-- RECORDS TO PROCESS follows --

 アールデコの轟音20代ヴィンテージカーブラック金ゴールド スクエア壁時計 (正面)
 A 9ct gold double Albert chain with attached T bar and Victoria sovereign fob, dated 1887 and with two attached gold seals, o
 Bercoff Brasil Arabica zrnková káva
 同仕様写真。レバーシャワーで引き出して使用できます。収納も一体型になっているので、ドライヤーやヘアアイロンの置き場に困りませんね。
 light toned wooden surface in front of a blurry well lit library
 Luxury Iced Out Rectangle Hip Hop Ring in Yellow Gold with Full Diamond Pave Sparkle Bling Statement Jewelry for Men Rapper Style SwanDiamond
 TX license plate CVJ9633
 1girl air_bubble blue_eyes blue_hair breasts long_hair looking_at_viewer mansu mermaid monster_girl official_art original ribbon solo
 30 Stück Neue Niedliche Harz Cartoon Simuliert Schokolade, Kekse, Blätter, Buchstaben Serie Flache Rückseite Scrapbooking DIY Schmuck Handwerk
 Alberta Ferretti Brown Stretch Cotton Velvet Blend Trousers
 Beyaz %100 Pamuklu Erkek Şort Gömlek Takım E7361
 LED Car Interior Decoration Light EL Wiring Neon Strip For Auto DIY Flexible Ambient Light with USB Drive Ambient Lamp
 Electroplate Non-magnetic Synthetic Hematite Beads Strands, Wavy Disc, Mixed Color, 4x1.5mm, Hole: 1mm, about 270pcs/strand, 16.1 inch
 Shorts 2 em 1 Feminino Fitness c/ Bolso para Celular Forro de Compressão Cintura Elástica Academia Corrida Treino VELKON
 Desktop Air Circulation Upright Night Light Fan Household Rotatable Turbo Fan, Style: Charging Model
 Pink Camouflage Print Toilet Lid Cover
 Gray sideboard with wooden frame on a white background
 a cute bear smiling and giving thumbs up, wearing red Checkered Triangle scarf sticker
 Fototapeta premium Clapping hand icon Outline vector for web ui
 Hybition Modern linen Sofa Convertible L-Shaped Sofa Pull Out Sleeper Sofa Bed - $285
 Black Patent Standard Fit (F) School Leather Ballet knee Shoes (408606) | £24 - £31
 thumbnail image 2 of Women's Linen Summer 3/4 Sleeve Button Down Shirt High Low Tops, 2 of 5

-- RECORDS TO PROCESS concluded --

[DIRECTIONS FOR THIS TASK]:
The answer should be the exact lines running from the line containing "Hybition Modern linen" to the last line of the entries, with nothing else.

[TASK ANSWER]:
 Hybition Modern linen Sofa Convertible L-Shaped Sofa Pull Out Sleeper Sofa Bed - $285
 Black Patent Standard Fit (F) School Leather Ballet knee Shoes (408606) | £24 - £31
 thumbnail image 2 of Women's Linen Summer 3/4 Sleeve Button Down Shirt High Low Tops, 2 of 5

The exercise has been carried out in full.